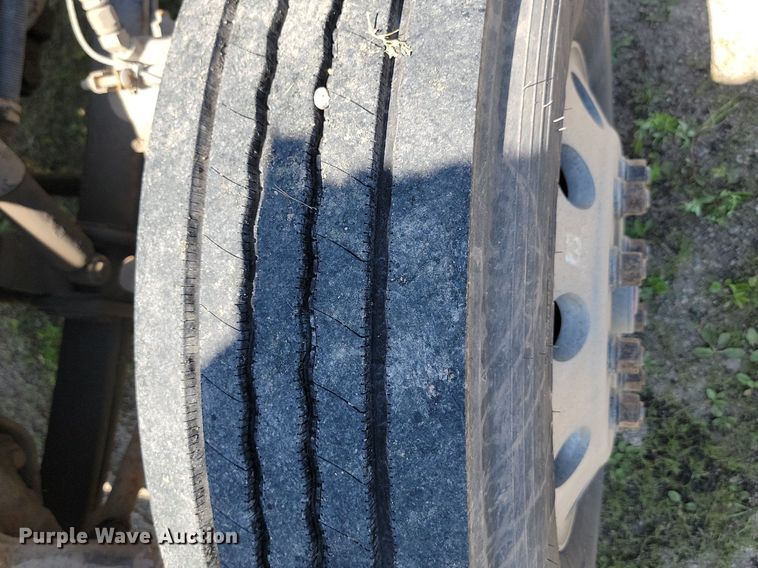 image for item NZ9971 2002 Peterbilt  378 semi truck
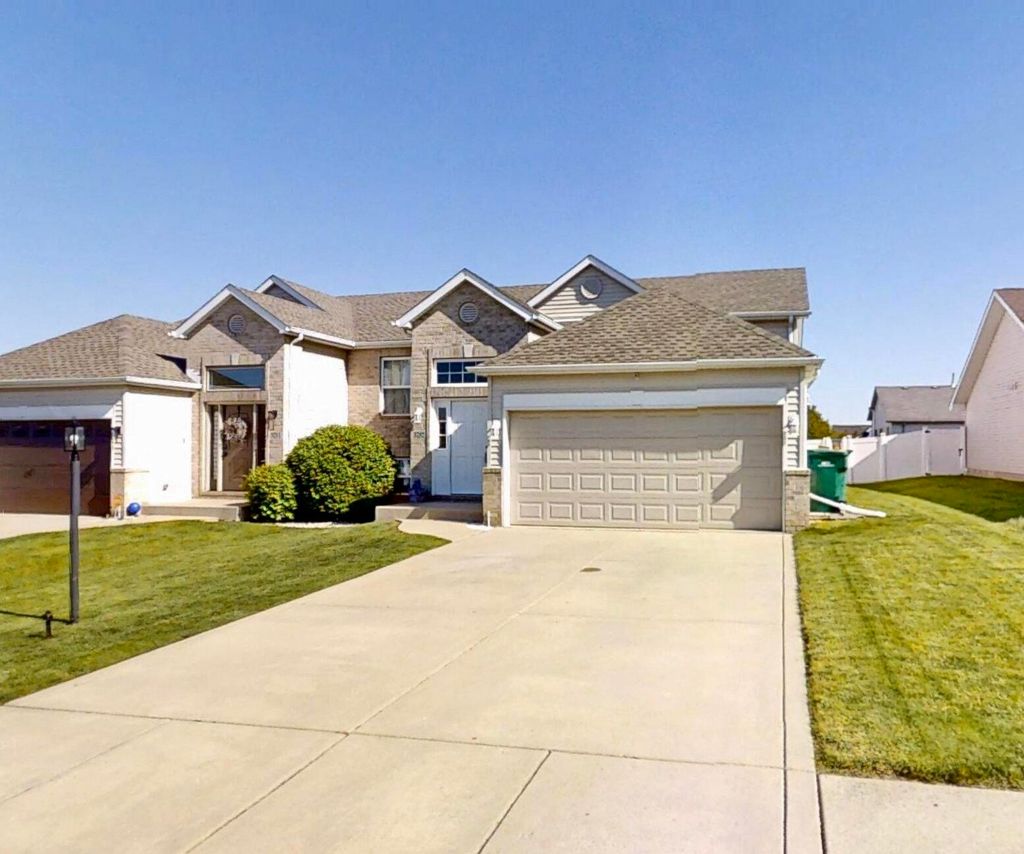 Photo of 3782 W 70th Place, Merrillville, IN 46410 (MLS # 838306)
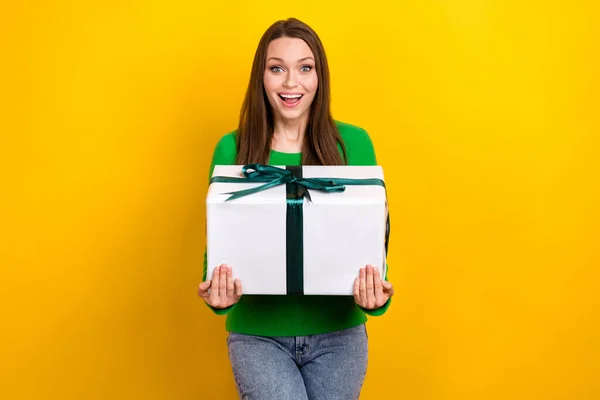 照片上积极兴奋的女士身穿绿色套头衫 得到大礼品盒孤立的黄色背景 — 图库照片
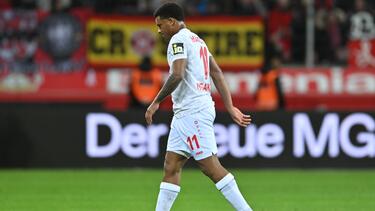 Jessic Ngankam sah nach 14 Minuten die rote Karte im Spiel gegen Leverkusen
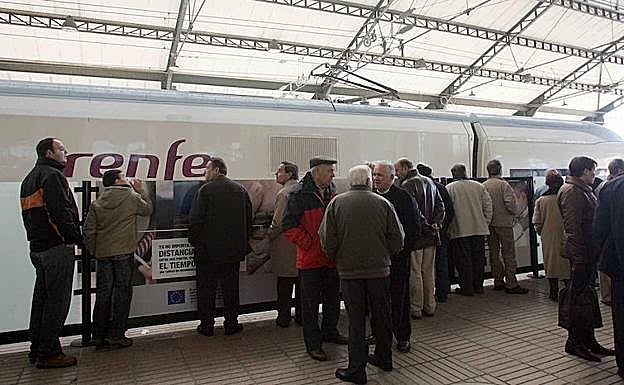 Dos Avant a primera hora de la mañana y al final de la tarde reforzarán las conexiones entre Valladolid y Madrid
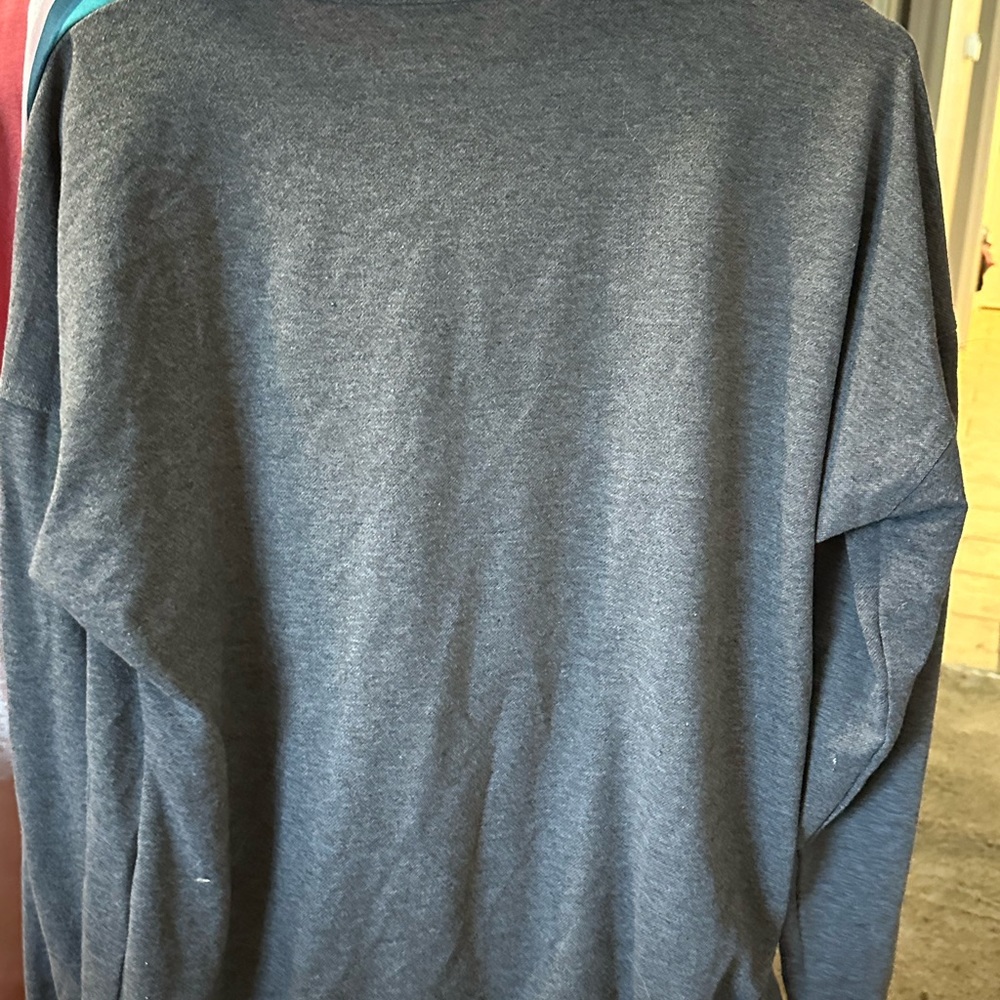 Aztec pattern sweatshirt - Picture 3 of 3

----

Reproduce only the lines from the line that holds "Dos Avant a" through the end of the records, exactly as they stand, both ends included and pictures excluded.

 Dos Avant a primera hora de la mañana y al final de la tarde reforzarán las conexiones entre Valladolid y Madrid
 Aztec pattern sweatshirt - Picture 3 of 3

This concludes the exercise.